OkCello is inspired by the exploration of African Diasporic melodies and narratives and their intersection with people’s perceptions and assumptions about the classical and European nature of the cello. As well, his work with improvisation attempts to embody the phenomenon of wordless prayer.
Okorie “OkCELLO” Johnson
“Hereness is the first of all sacred things.” – OkCello
Okorie “OkCello” Johnson is an American cellist-songwriter whose artistry integrates cello performance, live-sound-looping, improvisation, and storytelling – all culminating in original compositions that collide classical with jazz, EDM, reggae, and funk.
His music is inspired by the exploration of African Diasporic melodies and narratives and their intersection with people’s perceptions and assumptions about the classical and european nature of the cello. As well, his work with improvisation attempts to embody the phenomenon of wordless prayer.
In 2021, Okorie OkCello Johnson was selected to be one of the presenters at the Democratic Republic of the Congo Biennale (Scheduled for September 2022) for his proposal of a sound installation project entitled “Vessel of Breath,” a meditative cello composition comprised of harvested sound, collaborative compositions, and community interviews. In addition, he was selected to participate in the Kennedy Center’s artist residence program entitled Office Hours (scheduled for March 2022), in which he will begin workshopping the process for the sound installation project above. 2021 also saw his inclusion in the InStyle February issue, which identified him as a member of the “Creative Class Making Atlanta the New Epicenter of American Arts.” He was also identified in Atlanta Magazine’s “Atlanta Rising Creative Class [that] Is Gaining New Recognition on the National Scene.” Finally, a documentary he scored for the Atlanta Journal Constitution, “Imperfect Alibi” won a regional Emmy, he released his third studio project Beacon in September of 2021, and in December, he released a holiday album entitled, An OkChristmas.
In 2020 Okorie was commissioned by Flux Projects to create improvisational work entitled “Stir Crazy” directly responding to the isolation that stemmed from the COVID19 quarantines. He then collaborated with visual artist Fahamu Pecou and poet Jon Goode to create a performance art piece entitled HUE+MEN that, in response to the murders of George Floyd, Ahmaud Arbery and Breonna Taylor, asserted through sound, imagery, and poetry the sanctity and power of Black humanity. He also went on to be selected by Emory University to participate in its inaugural Arts and Social Justice Fellowship program, created by the Emory Center for Ethics. In that program, he and 5 other Atlanta artists were commissioned to create in collaboration with Emory professors and their classes pieces of art that spoke to the racial reckoning that the US experienced that summer.

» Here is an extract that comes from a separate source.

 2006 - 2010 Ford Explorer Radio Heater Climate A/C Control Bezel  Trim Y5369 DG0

In 2019, he had the honor of performing at SXSW for Choose ATL and the Atlanta Convention and Visitors Bureau, performing at the Oak Hill Stage of the Atlanta Jazz Festival, opening for Grammy award winning artist Van Hunt, being a featured artist on the Story2019 festival at the Schermerhorn Symphony Center in Nashville, opening for Grammy award winning recording artist Maxwell at the Cadence Bank Amphitheatre at Chastain Park, and being invited to perform in Havana, Cuba at the classical music festival Habana Classica, which coincided with the 500th birthday of that capital city.

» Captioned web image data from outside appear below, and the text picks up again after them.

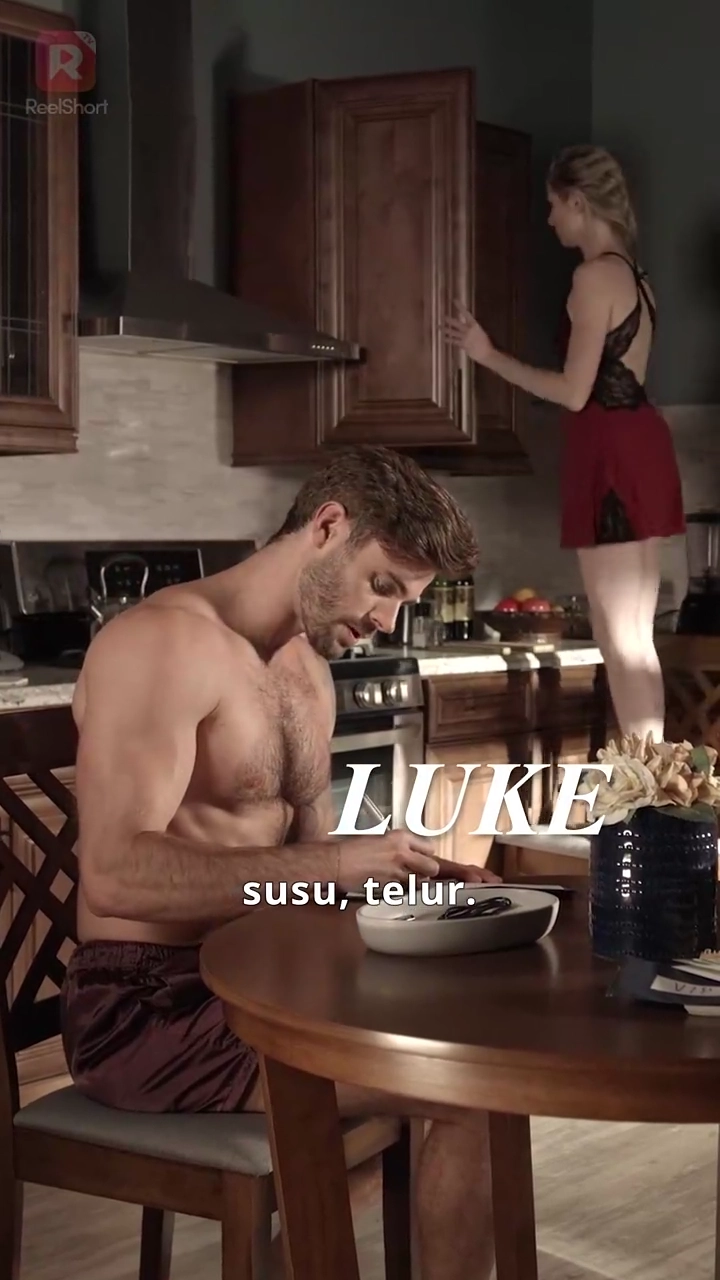 Terpenjara di Pelukan Mantanfoto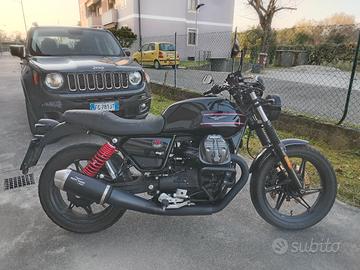 Moto Guzzi 850 V7 edizione speciale 2023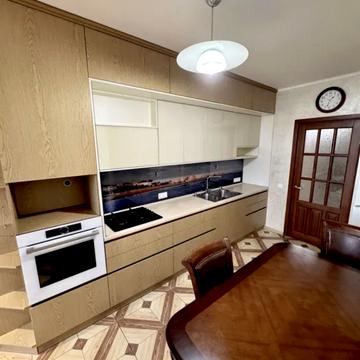 майдан Героїв Небесної Сотні пл. (Руднєва майдан), 14/1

He is a recipient of the Alliance Theatre’s 2018 Reiser Atlanta Artists Lab grant, and a 2018 Creative Loafing Readers’ Choice winner for Best Local Jazz Act. His sophomore album Resolve was named one of ArtsATL’s top local albums of 2018.
Furthermore, over his career, Okorie has had the opportunity to perform and/or record with India.Arie, De La Soul, and Big Boi of OutKast, amongst many others.

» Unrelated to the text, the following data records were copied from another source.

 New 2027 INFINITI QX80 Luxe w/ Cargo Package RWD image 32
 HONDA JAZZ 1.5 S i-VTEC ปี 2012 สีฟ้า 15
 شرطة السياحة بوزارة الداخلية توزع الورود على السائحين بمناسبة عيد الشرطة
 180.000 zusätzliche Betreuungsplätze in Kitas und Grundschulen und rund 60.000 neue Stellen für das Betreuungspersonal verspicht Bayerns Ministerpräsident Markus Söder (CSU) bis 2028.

Okorie describes his circuitous route to this unusual solo cello career in the following quote: “After years of putting my cello down and picking it back up, after years of deciding that the cello wasn’t financially practical, after years of thinking that my other voices were my native ones, I realized that the cello was the oldest, the most central and the most sacred part of me. I resolved never, ever, to deny it again.”